— Instructions to follow —
Produce an exact transcription of the listing below, omitting the pictures.

— Material provided —
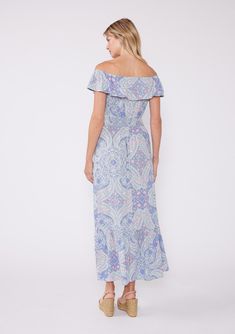 A need-now summer maxi dress, just in time for wedding season! This ultra-dreamy pastel purple maxi dress is designed in a vintage inspired paisley print. Featuring a flowy ruffle-trimmed tiered skirt, on or off-shoulder neckline, flattering ruffle sleeves and a wait accentuating smocked detail. Paisley print Relaxed fit Elastic on or off-shoulder neckline Overlay top Smocked waist Maxi length Ruffle-trimmed skirt Women's flowy bohemian maxi dress Glide into summer in our newest summer silhouette! The soft, flowy fabric offers freedom of movement and a breezy fit, which the convertible on/off-shoulder neckline offers two ways to wear. Whether you're headed to a special summer occasion, a wedding guest, or just headed to the farmer's market, this paisley print boho maxi will have everyone a Elegant Paisley Print Maxi Dress For Vacation, Feminine Flowy Printed Maxi Dress, Flowy Paisley Print Maxi Dress, Flowy Maxi Dress With Paisley Print, Feminine Boho Print Maxi Dress, Spring Paisley Print Maxi Dress, Pastel Maxi Dress, Pastel Maxi Dresses, Summer Silhouette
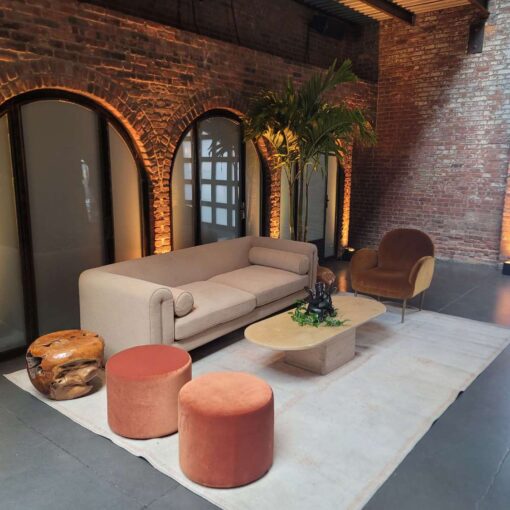 Up-Lights, paired with earthy hues and bold tropical florals, helped create a relaxed lounge setting at an African-infused wedding at The Foundry.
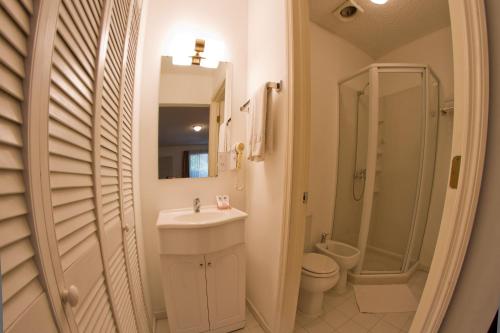 a bathroom with a sink and a toilet and a shower at Family Inn in San Rafael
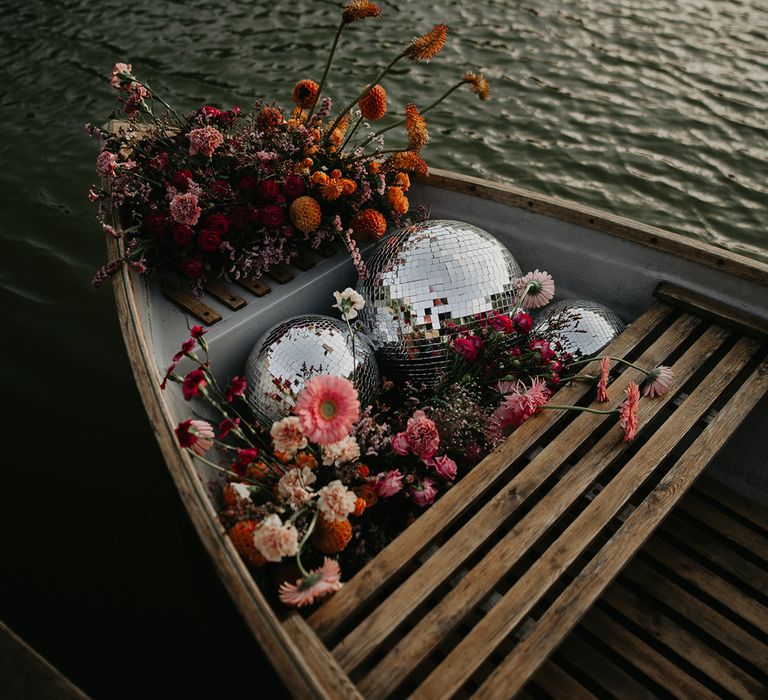 large-disco-balls-and-pink-flowers-in-row-boat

— Your solution —
 A need-now summer maxi dress, just in time for wedding season! This ultra-dreamy pastel purple maxi dress is designed in a vintage inspired paisley print. Featuring a flowy ruffle-trimmed tiered skirt, on or off-shoulder neckline, flattering ruffle sleeves and a wait accentuating smocked detail. Paisley print Relaxed fit Elastic on or off-shoulder neckline Overlay top Smocked waist Maxi length Ruffle-trimmed skirt Women's flowy bohemian maxi dress Glide into summer in our newest summer silhouette! The soft, flowy fabric offers freedom of movement and a breezy fit, which the convertible on/off-shoulder neckline offers two ways to wear. Whether you're headed to a special summer occasion, a wedding guest, or just headed to the farmer's market, this paisley print boho maxi will have everyone a Elegant Paisley Print Maxi Dress For Vacation, Feminine Flowy Printed Maxi Dress, Flowy Paisley Print Maxi Dress, Flowy Maxi Dress With Paisley Print, Feminine Boho Print Maxi Dress, Spring Paisley Print Maxi Dress, Pastel Maxi Dress, Pastel Maxi Dresses, Summer Silhouette
 Up-Lights, paired with earthy hues and bold tropical florals, helped create a relaxed lounge setting at an African-infused wedding at The Foundry.
 a bathroom with a sink and a toilet and a shower at Family Inn in San Rafael
 large-disco-balls-and-pink-flowers-in-row-boat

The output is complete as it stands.